The Philosophy department at the Hebrew University recently dismissed Ran Baratz, a lecturer on Greek philosophy. And ever since, the Israeli media has been in a mini-uproar. The Knesset’s Education Committee will take up the affair. According to Maariv and other publications, Baratz was let go because he violated the leftist academic code prevailing in Israeli academic institutions. Here’s how Maariv breathlessly portrayed Baratz’s “sacking:”

Stormy winds are blowing through the humanities faculty of the Hebrew University after it ended the employment of a popular lecturer. Dr. Ran Baratz will not return for the coming academic year due to his affiliation with the right-side of the political map…

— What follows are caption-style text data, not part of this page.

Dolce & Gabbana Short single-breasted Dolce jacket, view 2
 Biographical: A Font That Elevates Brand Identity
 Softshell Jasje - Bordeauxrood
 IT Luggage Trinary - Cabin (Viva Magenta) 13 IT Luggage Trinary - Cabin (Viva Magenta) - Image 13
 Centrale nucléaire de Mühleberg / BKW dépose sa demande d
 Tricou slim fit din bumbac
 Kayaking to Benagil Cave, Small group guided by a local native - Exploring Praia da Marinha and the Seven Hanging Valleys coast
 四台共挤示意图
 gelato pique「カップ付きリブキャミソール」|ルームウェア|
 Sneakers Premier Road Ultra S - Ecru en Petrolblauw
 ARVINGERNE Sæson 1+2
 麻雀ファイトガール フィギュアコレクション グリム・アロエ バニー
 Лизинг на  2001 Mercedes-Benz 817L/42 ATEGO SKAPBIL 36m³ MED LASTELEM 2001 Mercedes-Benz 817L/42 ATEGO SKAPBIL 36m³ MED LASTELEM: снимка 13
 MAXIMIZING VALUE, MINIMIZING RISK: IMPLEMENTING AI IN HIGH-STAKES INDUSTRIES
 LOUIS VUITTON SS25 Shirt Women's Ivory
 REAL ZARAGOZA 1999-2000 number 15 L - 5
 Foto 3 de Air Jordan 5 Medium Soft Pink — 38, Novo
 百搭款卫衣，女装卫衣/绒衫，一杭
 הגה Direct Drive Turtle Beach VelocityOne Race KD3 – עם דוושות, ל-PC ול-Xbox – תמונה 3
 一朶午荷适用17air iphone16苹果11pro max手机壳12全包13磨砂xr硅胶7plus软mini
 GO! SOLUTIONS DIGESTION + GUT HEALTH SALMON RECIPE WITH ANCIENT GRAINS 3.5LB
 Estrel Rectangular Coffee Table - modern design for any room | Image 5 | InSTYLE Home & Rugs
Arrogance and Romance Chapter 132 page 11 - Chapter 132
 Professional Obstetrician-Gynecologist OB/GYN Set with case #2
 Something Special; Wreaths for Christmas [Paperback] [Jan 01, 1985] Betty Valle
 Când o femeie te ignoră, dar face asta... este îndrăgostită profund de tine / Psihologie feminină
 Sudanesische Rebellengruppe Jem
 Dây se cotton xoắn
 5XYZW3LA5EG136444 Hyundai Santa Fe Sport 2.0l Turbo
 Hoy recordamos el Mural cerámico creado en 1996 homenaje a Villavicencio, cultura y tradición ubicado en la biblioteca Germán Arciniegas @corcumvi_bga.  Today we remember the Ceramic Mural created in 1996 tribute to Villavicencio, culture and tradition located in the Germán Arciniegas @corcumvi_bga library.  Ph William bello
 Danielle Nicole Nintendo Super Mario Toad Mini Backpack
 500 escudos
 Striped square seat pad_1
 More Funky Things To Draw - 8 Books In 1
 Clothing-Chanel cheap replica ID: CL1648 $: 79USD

If you’re right-wing, so the prevailing wisdom goes, you have no hope of a career or academic advancement in Israel.

Let’s examine the facts more closely. According to a senior faculty member at a major Israeli university who has some familiarity with the case, Baratz taught there as what here in the U.S. would be called an adjunct. He had a temporary low-level appointment (what is called in Hebrew amit-hora’ah); such appointments are always short-term (usually one year, but in Baratz’s case it was only one semester) and may or may not be renewed, depending on budget and such things. There’s always considerable flux with these adjunct appointments, especially since the budgets keep shrinking.

Baratz hoped his teaching gig would turn into a tenure-track position. However, a very fine candidate applied, with a strong CV, good list of publications, and was appointed. Baratz himself had no publications and was in no position to compete.

Casting further doubt on Baratz’s claim, the Hebrew University faculty of humanities is not noted for its solidarity with the left and the peace camp.

We should also examine whether Baratz may have his own personal motives for turning this into an ideological, rather than a purely professional decision. First, he is the “academic advisor” to Im Tirzu, a foul Israeli smear outfit whose goal is to act as mashgiach (a rabbi who determines whether food is kosher) for Israeli professors and their courses according to the level of Zionist kashrut they represent. The group recently published a strange report which claimed to examine the course syllabi for academic courses for the Zionist or anti-Zionist content of the articles. Naturally, it found a very high level of the latter in Israeli courses. And guess who was the academic advisor for this “report?” The good doctor Baratz.

He is also a regular contributor to Yisrael HaYom, a daily paper also known as Bibi-ton for its slavish adulation of the current prime minister.

He is also a post-doctoral fellow at the Likudist Shalem Center. The Center has created Shalem College, a faux academic program which aims to glorify the place of Israel and Zionism in the western academic canon. Here is what I wrote about this subject a few months ago:

Concerned that Israeli universities are a hotbed of Israel-hatred and unwilling to develop a ideological cadre of sufficiently pro-Israel students, the Center has applied to the Israeli educational authority for approval to launch its own rightist undergraduate program, Shalem College.

The college’s own mission statement lays out its curricular goals–among them to give:

Expanded attention to Western texts and traditions that permit a more fruitful dialogue with Jewish tradition. The college will relate to a wider selection of Western traditions than has become fashionable in many leading universities, including: treatment of the tradition of Western nation states as a legitimate alternative to expressly internationalist goals and values…

No doubt, someone of Baratz’s ideological proclivities would be much more comfortable in this academic setting than at the Hebrew University, where he would have to grapple with some of the “expressly internationalist goals and values.”